The needle on the Corvette Stingray V-8’s speedometer was passing 150 miles per hour, and the tachometer needle was shivering near the 6500 rpm redline, when the car salesman in the passenger seat let out a frightened squeal and gripped Wilma Owens’s thigh in terror.
Willie was in her mid-fifties but looked twenty years younger, if you didn’t look too close. Her hair had been bleached to the color and texture of straw. Her boobs had been surgically hoisted and stuffed with silicone. And her taste in clothes screamed redneck slut. She had the uncanny ability and insatiable desire to drive or pilot anything with a motor in it, from a bus to a blimp, whether she owned it or not. Her tendency to borrow vehicles for joy rides often got her into trouble, which is how she’d come to Nick’s attention. Getting Willie out of one of those jams was how Nick had recruited her for the first swindle he and Kate had pulled off together.
The Corvette salesman’s hand had been doing a slow creep up Willie’s bare thigh since they’d left the Phoenix dealership, where she’d shown up all cowgirl in short denim cutoffs, her shirt tied under her breasts, her power nipples pointing at the Stingray and hypnotizing every man in the showroom. A square-chinned salesman named Buddy, with a mustache like Hitler’s, gladly stepped up and offered her a test drive before she could ask. She’d learned that alert nipples could get her into more cars than a slim jim, which was why she’d augmented hers today with a pair of Bodyperk silicone stiffies.
Buddy broke out of his nipple trance the instant she shifted into seventh gear on the two-lane desert highway and the scenery became a blur outside the windows. It was like the Millennium Falcon going into hyperdrive.

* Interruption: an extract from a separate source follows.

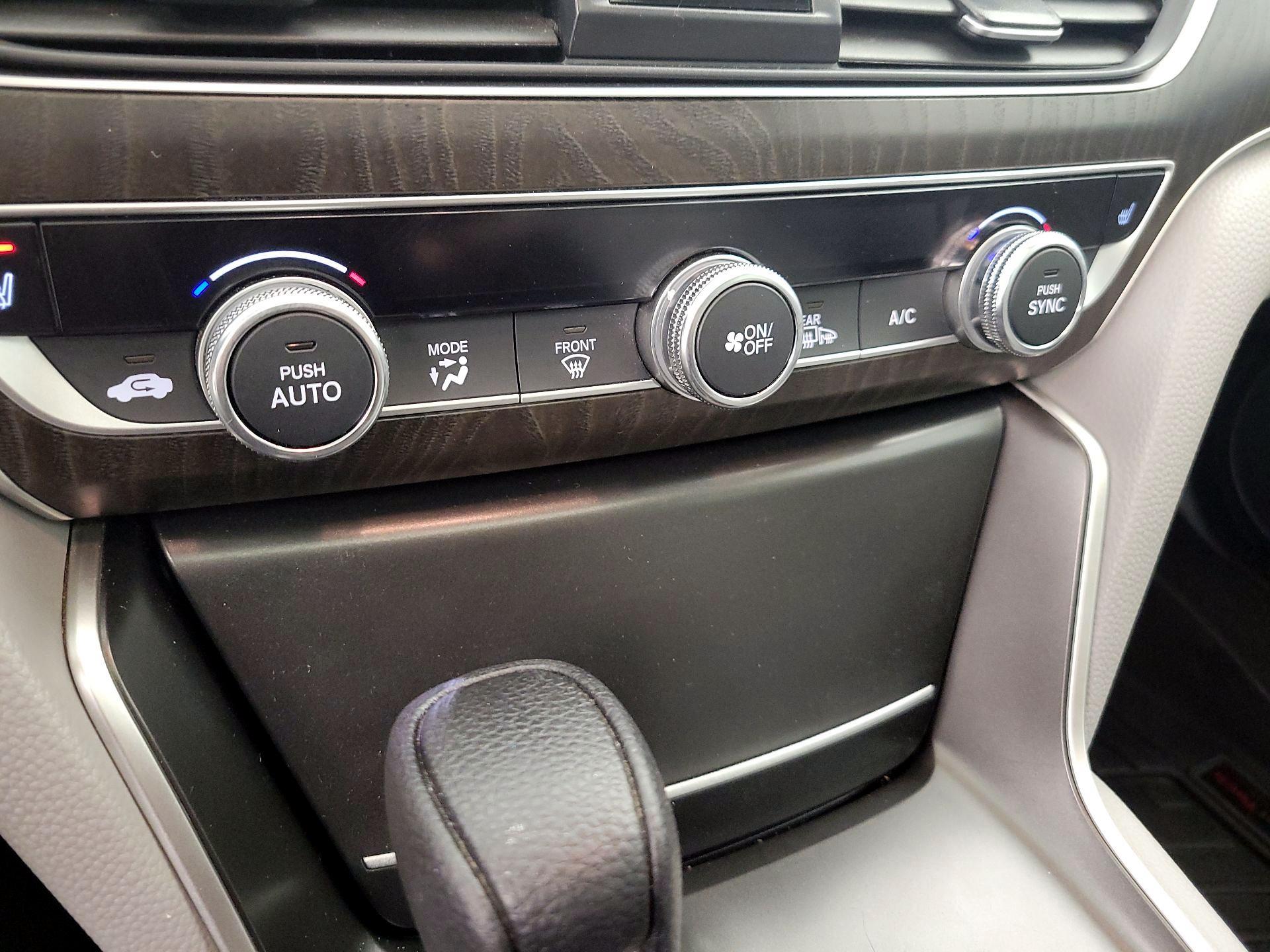 Thumbnail: 2020 Honda Accord - 16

“You can’t go this fast,” Buddy said. “It’s a test drive.”
“When you buy a Corvette, honey, it’s for the 460 horses under the hood, and you aren’t going to feel ’em parallel parking.”

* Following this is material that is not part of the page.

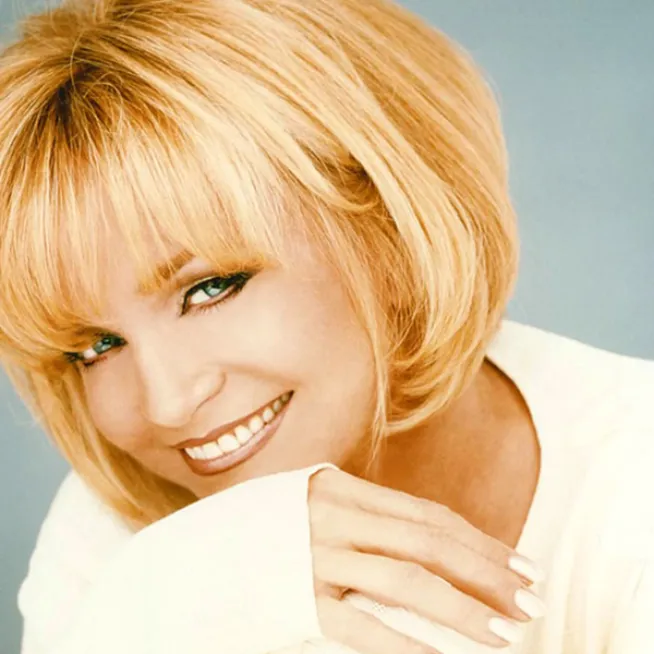 Barbara Mandrell headshot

“This car isn’t meant to be driven this hard.”
“They didn’t put seven gears in this transmission for dropping the kids at school and going grocery shopping. It should be against the law to sell this car to anybody who isn’t going to make the tachometer lick the redline at least once a week.”
Willie’s cell phone buzzed in the hip pocket of her short shorts. She squirmed in her seat to pull out the phone and the car veered into the next lane. Buddy yelped and clutched her thigh again. She answered the phone, slowing to ninety-five while steering with one hand. “Hello?”
“It’s me,” Nick said. “Did I catch you at a bad time?”
“I’m having a great time,” she said. “I’m test-driving the new Corvette Stingray.”
“Does the owner know it’s missing yet?”
“I’ve got the salesman right here.” She held the phone out to him. “Say hello, Buddy.”
“It’s against the law to talk on a cell phone while you’re driving,” Buddy said. “You’ll get a ticket.”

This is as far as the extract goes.